Of course, the drawback of a production that causes the audience to leave humming the sets, costumes and lighting (and maybe even Robert Waldman's original score) is that the emphasis is on the wrong things. It's something of a theatrical equivalent to relying on special effects to distinguish a movie. What should be hummed is the play itself and its ability to entertain while illuminating; also memorable should be the players' part in bringing such discussion about.
Most people's affection for Dinner at Eight is probably based on the film version. The story of this comedy-drama, retained when transferred to celluloid, is simple enough: Millicent Jordan (Christine Ebersole), a feather-headed socialite and wife to shipping mogul Oliver (James Rebhorn), decides to entertain Lord and Lady Ferncliffe, who are due in New York. Included on her guest list are a doctor to the well heeled named J. W. Talbot (John Dossett) and his wife, Lucy (Joanne Camp); fading film star Larry Renault (Byron Jennings); retired stage actress Carlotta Vance (Marian Seldes); and the coarse Dan and Kitty Packard (Kevin Conway, Emily Skinner).

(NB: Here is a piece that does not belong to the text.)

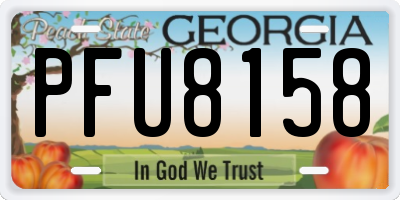 GA license plate PFU8158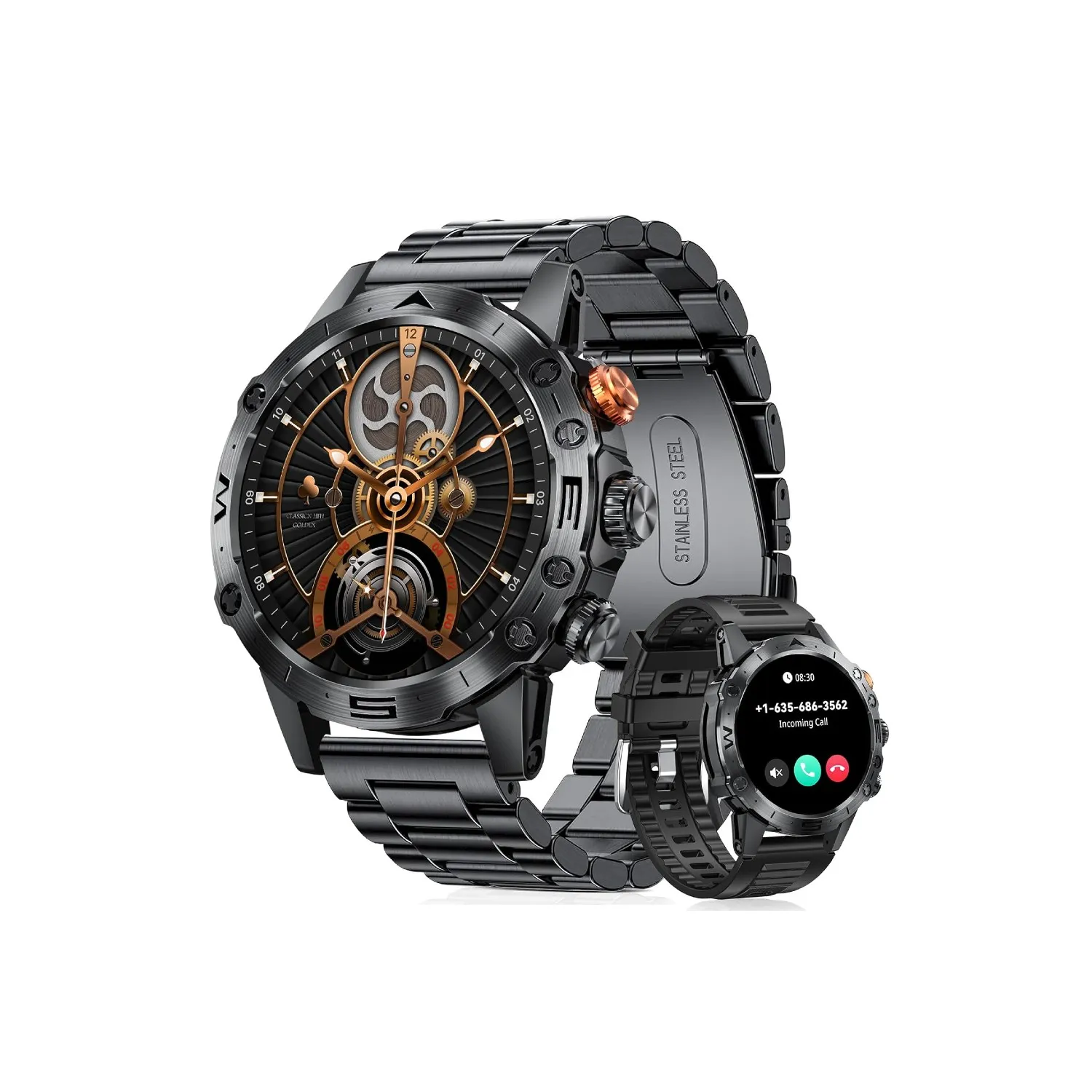 Montre Connectée Acier Homme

During a time when the populace was wondering how to pay the rent, it was sly of Kaufman and Ferber to jolly up a plot that went behind the figurative and literal facades of the fabulously wealthy to declare that things weren't so rosy there, either. It's amusing and affecting to watch some of these self-centered folks unravel and to hear Millicent rage that no one understands the troubles she sees. But the Kaufman-Ferber script doesn't go very far or in too deep. Indeed, here's an instance where the film adaptation -- executed by Francis Marion and Herman J. Mankiewicz, with additional dialogue by the reliable Donald Ogden Stewart -- improves on the original. No doubt it was these Tinseltown fellows who threaded running gags into the action and intensified the characters' woes so that the accumulating financial collapses have a strong impact by the time "The End" flashes on the screen. Patrons of the Lincoln Center production who haven't seen the movie may have a perfectly pleasant time, but those who wait for the moment when Kitty Packard (played in the film by Jean Harlow) remarks that she was reading a book the other day and Carlotta Vance (Marie Dressler on screen) reacts with an outlandish take will wait in vain.

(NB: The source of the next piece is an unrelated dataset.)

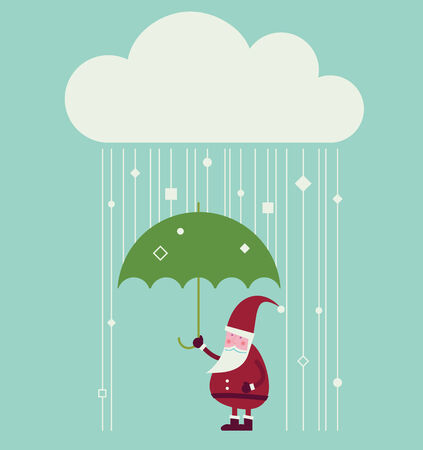 Safe Cloud Computing for Christmasのイラスト素材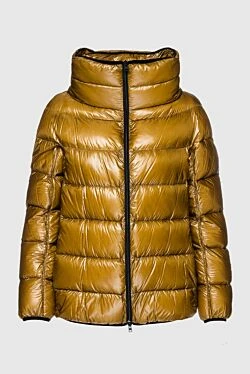 Women's yellow polyamide down jacket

Not only is the line and other like it not there, but neither, of course, are Harlow and Dressler. Had these icons merely been cast because they were in the MGM stable and needed to be kept working, it would be one thing, but that wasn't the situation; they were ideally slotted, as was everyone in the movie, and their star wattage contributed invaluably to the property's mystique. That mystique is unmatched by players whom director Gerald Gutierrez helms with competence that infrequently rises to inspiration. Those scoring nicely include Christine Ebersole, who is made up to have a wide-eyed but blank expression. She connects with her role despite the fact that she's not precisely right for it; as always, her intelligence shines through.
Marian Seldes, who stepped into this production on short notice when Dorothy Loudon stepped out, does eccentric grandiosity as well as anyone this side of Maggie Smith. She gets laughs every time she points a well-shod toe or waves a well-sleeved arm. James Rebhorn, who so often stands out as one version or another of a plodding man, brings dignity to a fellow facing undignified circumstance. Byron Jennings does strong John Barrymore-profile duty here and certainly bounces back from the shenanigans he was forced to get up to in, ahem, Steve Martin's Underpants.
As the philandering doc and his wise but impatient wife, John Dossett and Joanne Camp make their turns count, while Joe Grifasi brings his usual, helpful, down-to-earth presence to the smallish part of Larry Renault's tolerant agent. Less impressive performances are given by Emily Skinner, who fills out Catherine Zuber's cleavage-focused outfits better than she fills out the sharp remarks handed her, and Kevin Conway. When these two face off, they don't have the caged-dog-and-cat ferocity they ought to have.
In sum, this Dinner at Eight is more fast food than feast food.